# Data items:
== Segment start ==
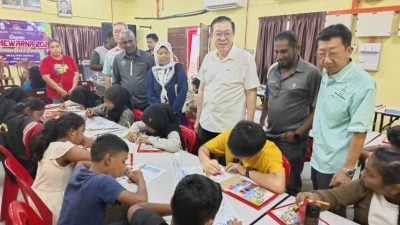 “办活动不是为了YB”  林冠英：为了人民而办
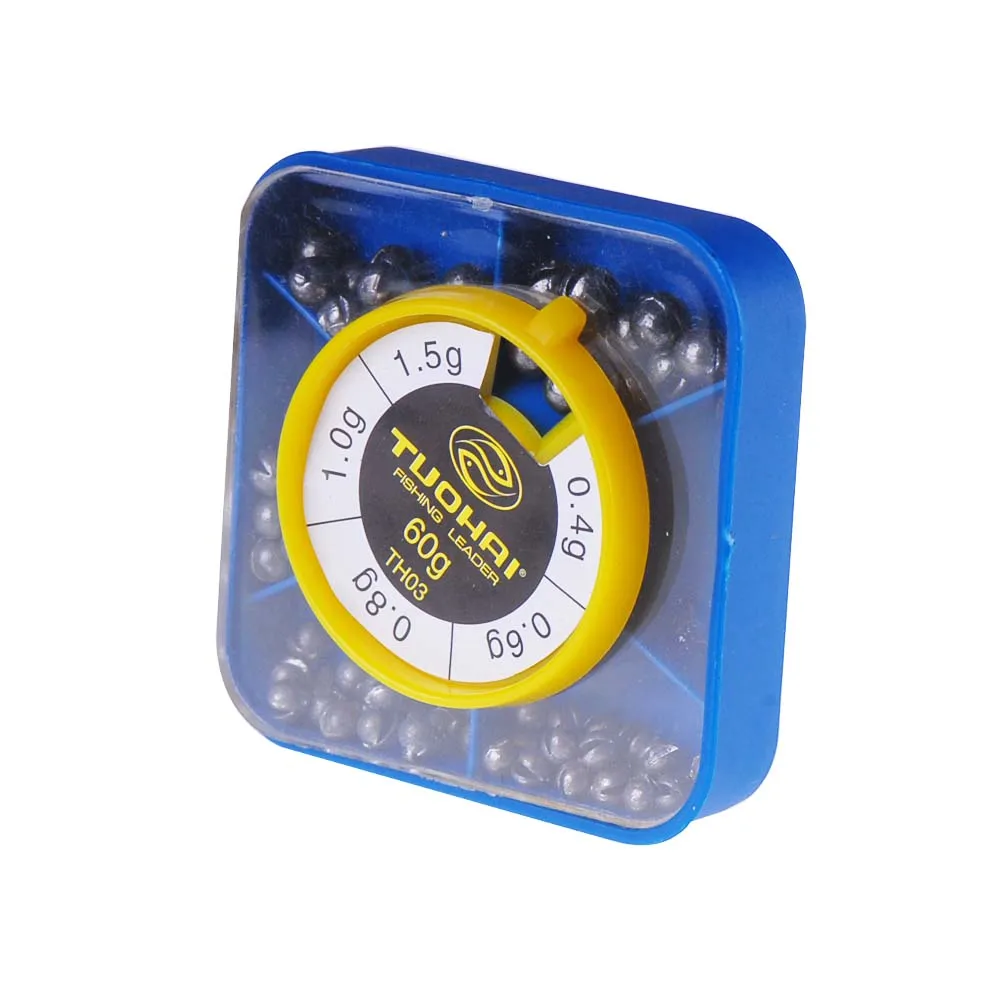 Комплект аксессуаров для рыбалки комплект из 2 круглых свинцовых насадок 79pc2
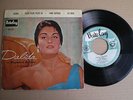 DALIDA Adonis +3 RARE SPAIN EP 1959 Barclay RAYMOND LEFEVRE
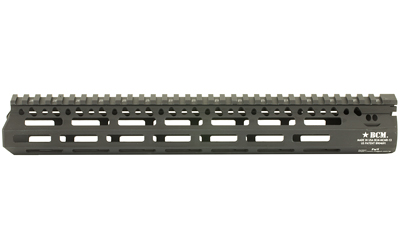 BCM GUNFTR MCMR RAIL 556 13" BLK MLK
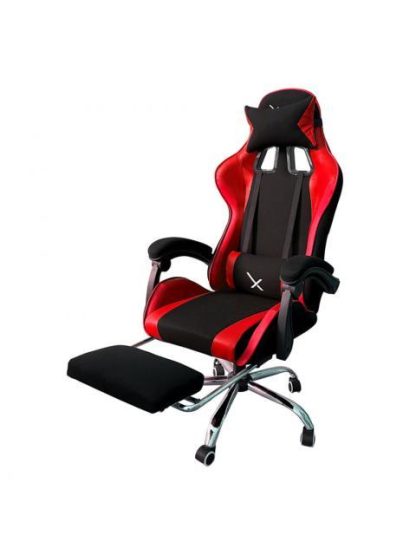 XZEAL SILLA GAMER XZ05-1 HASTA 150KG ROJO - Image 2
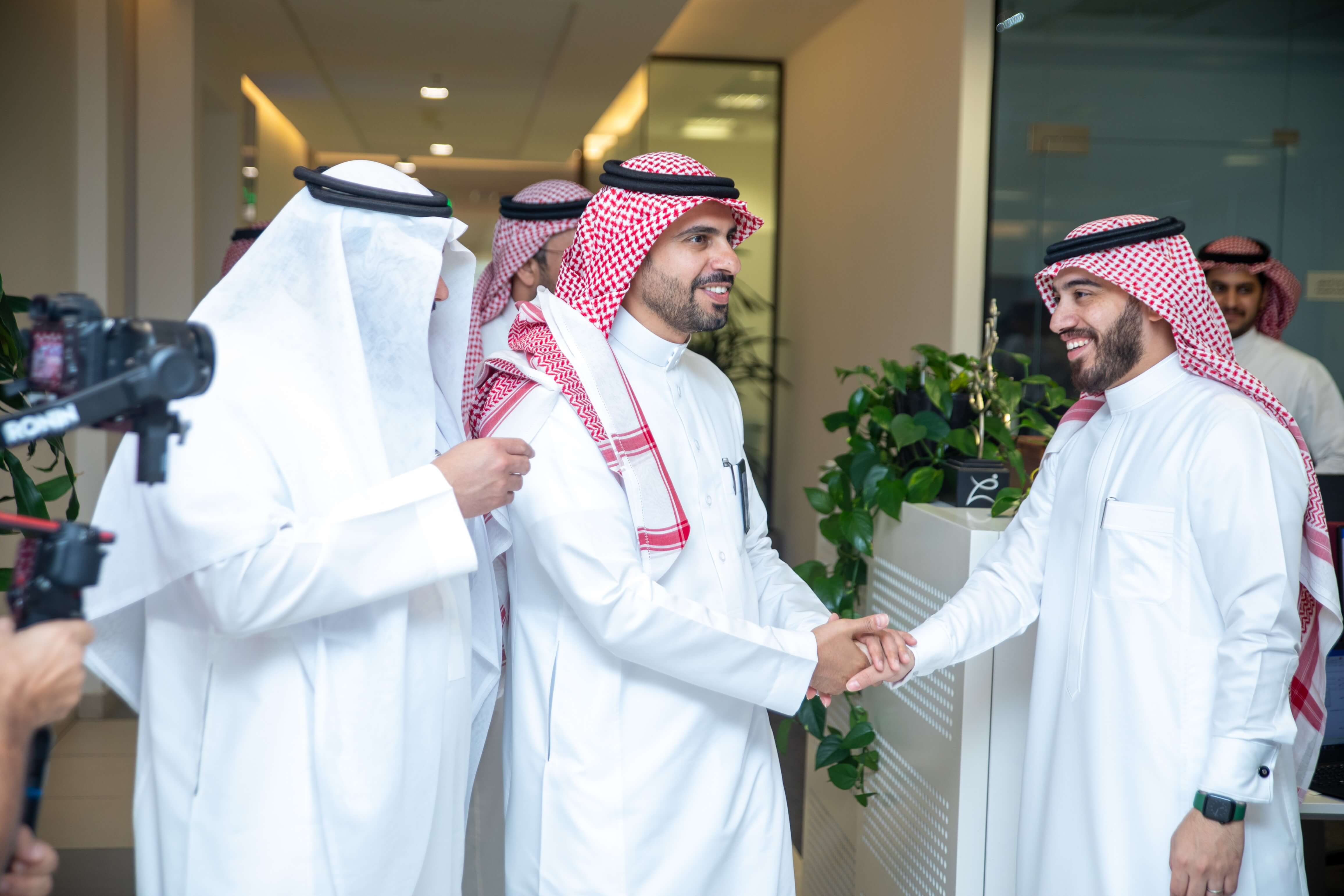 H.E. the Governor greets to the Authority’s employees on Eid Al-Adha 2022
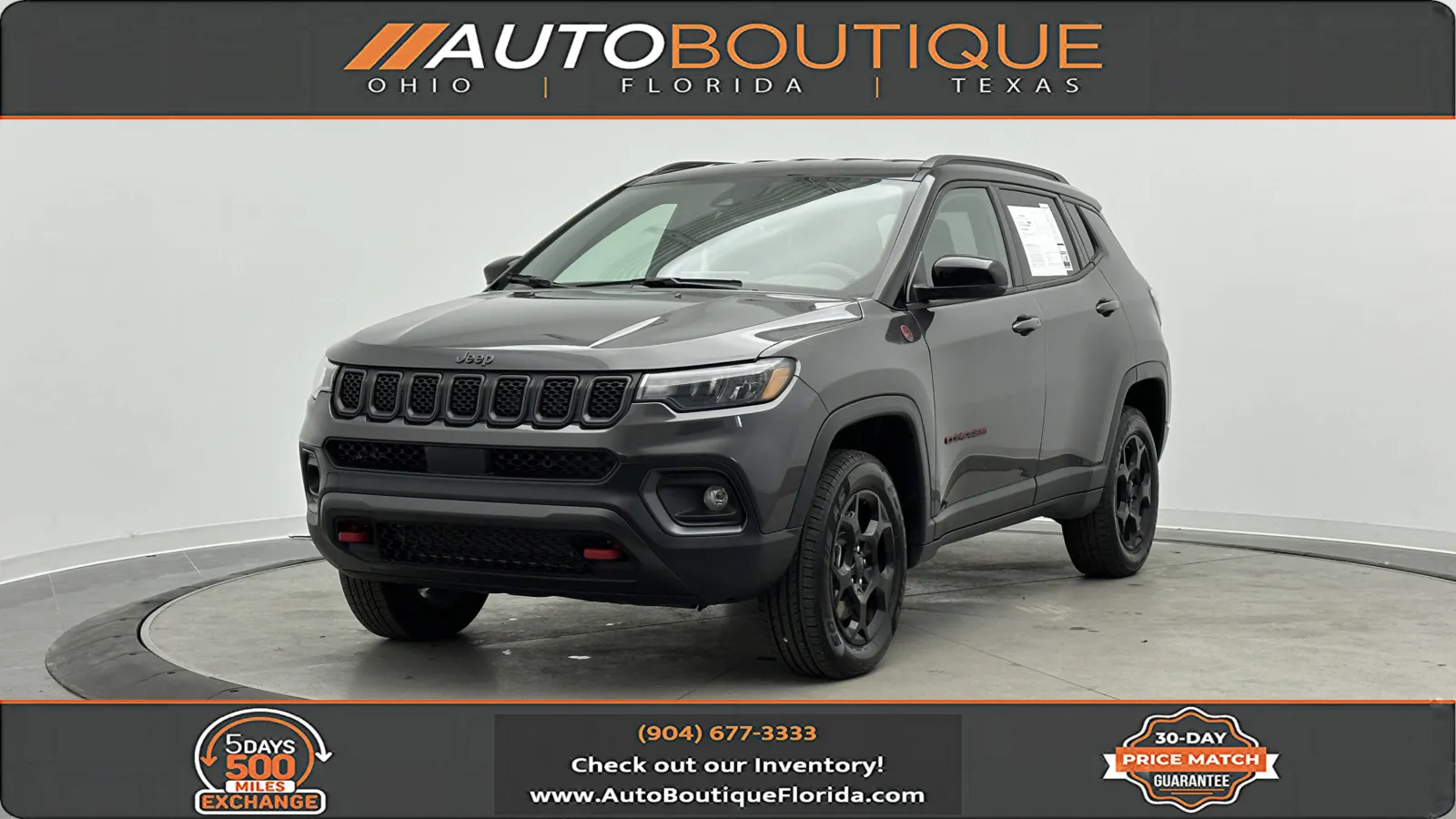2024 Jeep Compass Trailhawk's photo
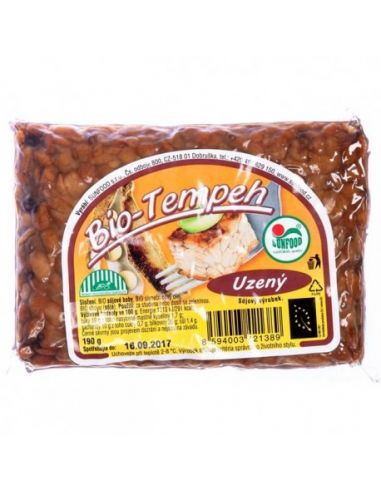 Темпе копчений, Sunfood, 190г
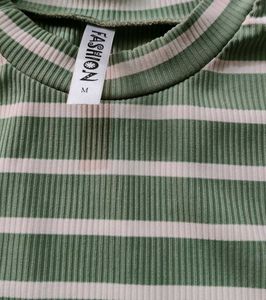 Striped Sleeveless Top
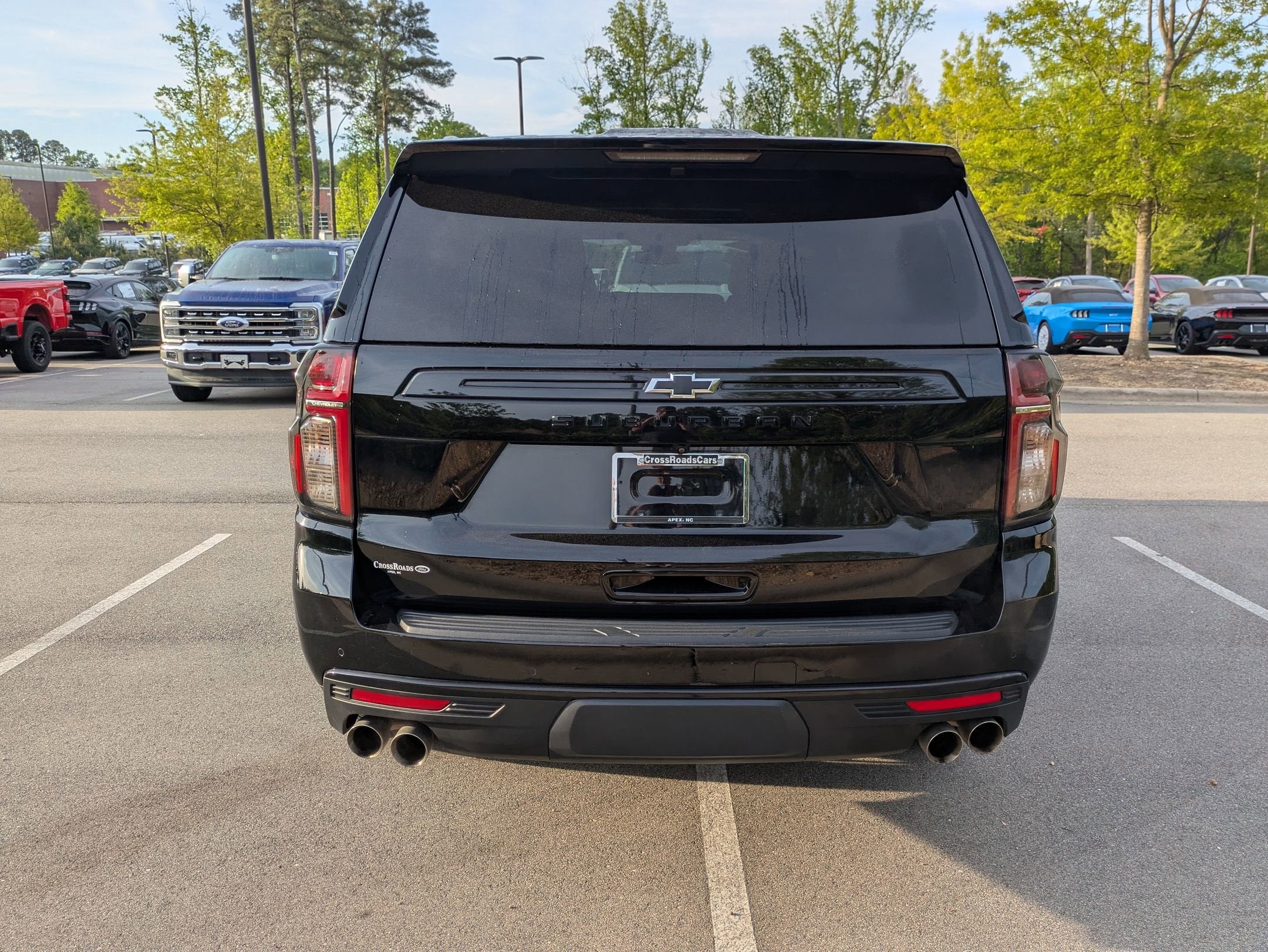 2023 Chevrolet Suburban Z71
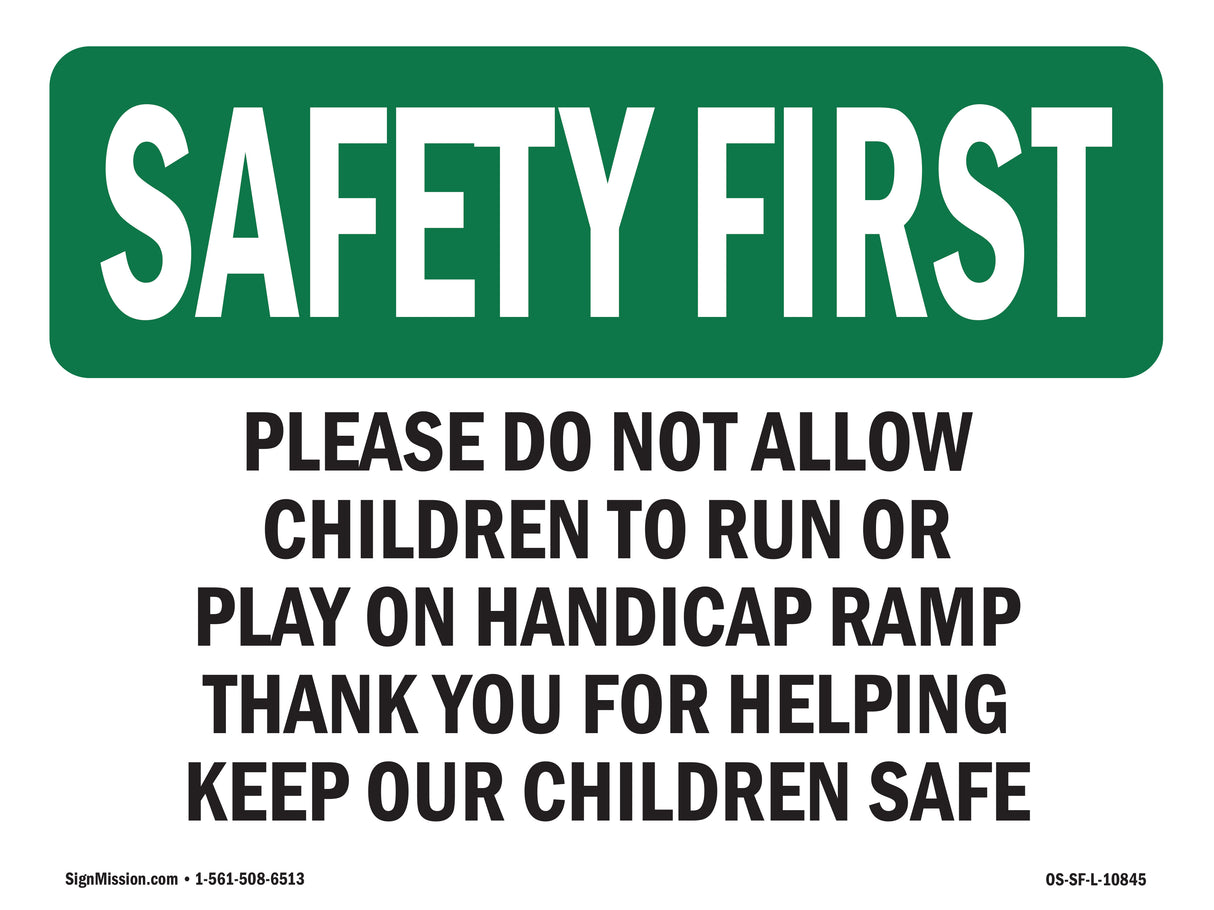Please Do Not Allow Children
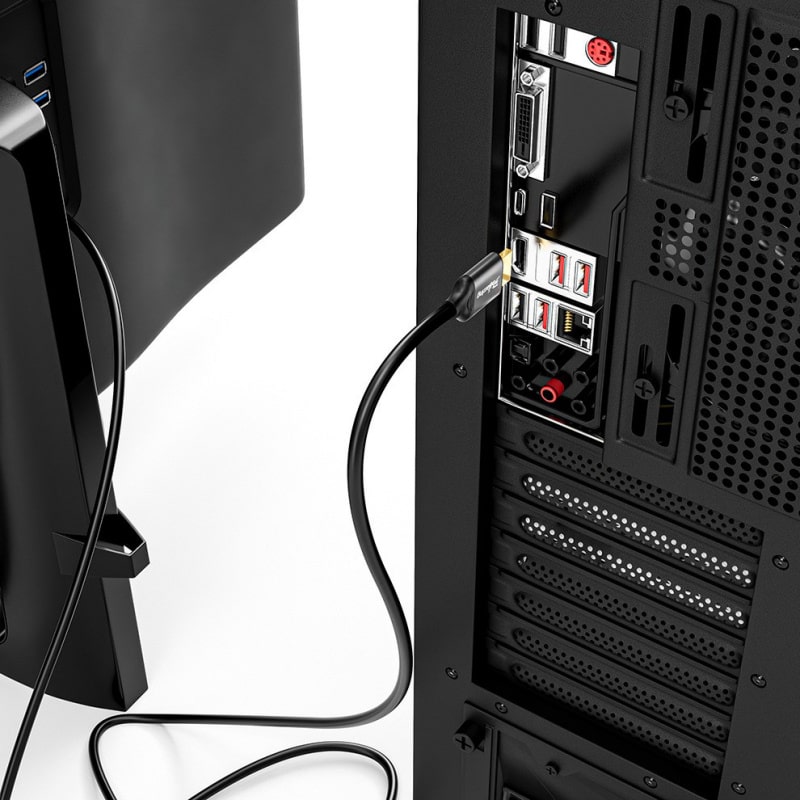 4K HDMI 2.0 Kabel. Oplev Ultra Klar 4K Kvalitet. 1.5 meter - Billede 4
== Segment end ==
# Problem details:
When an image appears in the data, skip it and output the rest exactly.

# Task response:
 “办活动不是为了YB”  林冠英：为了人民而办
 Комплект аксессуаров для рыбалки комплект из 2 круглых свинцовых насадок 79pc2
 DALIDA Adonis +3 RARE SPAIN EP 1959 Barclay RAYMOND LEFEVRE
 BCM GUNFTR MCMR RAIL 556 13" BLK MLK
 XZEAL SILLA GAMER XZ05-1 HASTA 150KG ROJO - Image 2
 H.E. the Governor greets to the Authority’s employees on Eid Al-Adha 2022
2024 Jeep Compass Trailhawk's photo
 Темпе копчений, Sunfood, 190г
 Striped Sleeveless Top
 2023 Chevrolet Suburban Z71
Please Do Not Allow Children
 4K HDMI 2.0 Kabel. Oplev Ultra Klar 4K Kvalitet. 1.5 meter - Billede 4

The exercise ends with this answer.